▸ TASK TO CARRY OUT: From the line that contains "Glace cotton floral" to the last line of the data, every line is to be transcribed exactly; no other line is to be included.

[Stored items]
§

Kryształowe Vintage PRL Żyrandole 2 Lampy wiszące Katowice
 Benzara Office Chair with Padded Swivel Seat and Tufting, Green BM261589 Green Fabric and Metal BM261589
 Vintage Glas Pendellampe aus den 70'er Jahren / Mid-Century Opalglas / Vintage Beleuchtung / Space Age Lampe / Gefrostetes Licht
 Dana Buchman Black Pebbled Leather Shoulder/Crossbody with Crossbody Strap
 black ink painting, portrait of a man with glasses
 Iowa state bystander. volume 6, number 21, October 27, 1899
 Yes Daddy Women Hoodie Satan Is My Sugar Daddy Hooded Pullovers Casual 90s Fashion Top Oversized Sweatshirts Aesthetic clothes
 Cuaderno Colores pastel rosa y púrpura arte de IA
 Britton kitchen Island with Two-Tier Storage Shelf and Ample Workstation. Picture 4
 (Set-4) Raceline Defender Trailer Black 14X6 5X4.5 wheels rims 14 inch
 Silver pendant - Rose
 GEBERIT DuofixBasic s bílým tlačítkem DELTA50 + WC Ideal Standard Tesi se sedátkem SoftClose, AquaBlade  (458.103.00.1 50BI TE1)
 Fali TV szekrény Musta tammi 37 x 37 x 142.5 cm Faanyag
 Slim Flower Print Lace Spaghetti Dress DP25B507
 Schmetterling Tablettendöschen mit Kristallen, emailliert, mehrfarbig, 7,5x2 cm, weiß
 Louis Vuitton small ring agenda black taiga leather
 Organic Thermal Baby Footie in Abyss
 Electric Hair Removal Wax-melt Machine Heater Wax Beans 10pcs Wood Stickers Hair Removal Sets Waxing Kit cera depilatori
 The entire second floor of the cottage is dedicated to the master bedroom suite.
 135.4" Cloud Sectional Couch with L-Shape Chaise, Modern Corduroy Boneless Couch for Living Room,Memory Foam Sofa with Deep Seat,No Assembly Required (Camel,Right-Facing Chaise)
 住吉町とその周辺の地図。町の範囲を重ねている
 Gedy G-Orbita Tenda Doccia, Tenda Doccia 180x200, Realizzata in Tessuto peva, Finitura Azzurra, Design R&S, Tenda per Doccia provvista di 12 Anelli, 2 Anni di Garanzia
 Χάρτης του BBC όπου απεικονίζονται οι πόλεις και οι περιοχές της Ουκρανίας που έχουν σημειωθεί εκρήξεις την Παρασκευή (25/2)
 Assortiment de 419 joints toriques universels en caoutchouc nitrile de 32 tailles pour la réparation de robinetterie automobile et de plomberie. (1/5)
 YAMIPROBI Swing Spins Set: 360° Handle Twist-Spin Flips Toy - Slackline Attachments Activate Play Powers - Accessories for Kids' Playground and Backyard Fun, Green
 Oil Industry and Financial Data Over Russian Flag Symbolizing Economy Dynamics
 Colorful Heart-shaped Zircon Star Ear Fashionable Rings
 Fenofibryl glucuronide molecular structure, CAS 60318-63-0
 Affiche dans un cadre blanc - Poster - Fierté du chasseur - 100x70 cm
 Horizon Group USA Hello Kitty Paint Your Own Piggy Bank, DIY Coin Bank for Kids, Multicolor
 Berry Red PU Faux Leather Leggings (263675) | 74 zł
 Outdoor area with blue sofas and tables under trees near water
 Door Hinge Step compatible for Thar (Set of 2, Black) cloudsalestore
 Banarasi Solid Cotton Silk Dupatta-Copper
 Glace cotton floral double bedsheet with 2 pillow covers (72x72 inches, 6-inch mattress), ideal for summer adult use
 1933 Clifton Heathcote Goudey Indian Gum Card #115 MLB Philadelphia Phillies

§

▸ ANSWER SPACE:
 Glace cotton floral double bedsheet with 2 pillow covers (72x72 inches, 6-inch mattress), ideal for summer adult use
 1933 Clifton Heathcote Goudey Indian Gum Card #115 MLB Philadelphia Phillies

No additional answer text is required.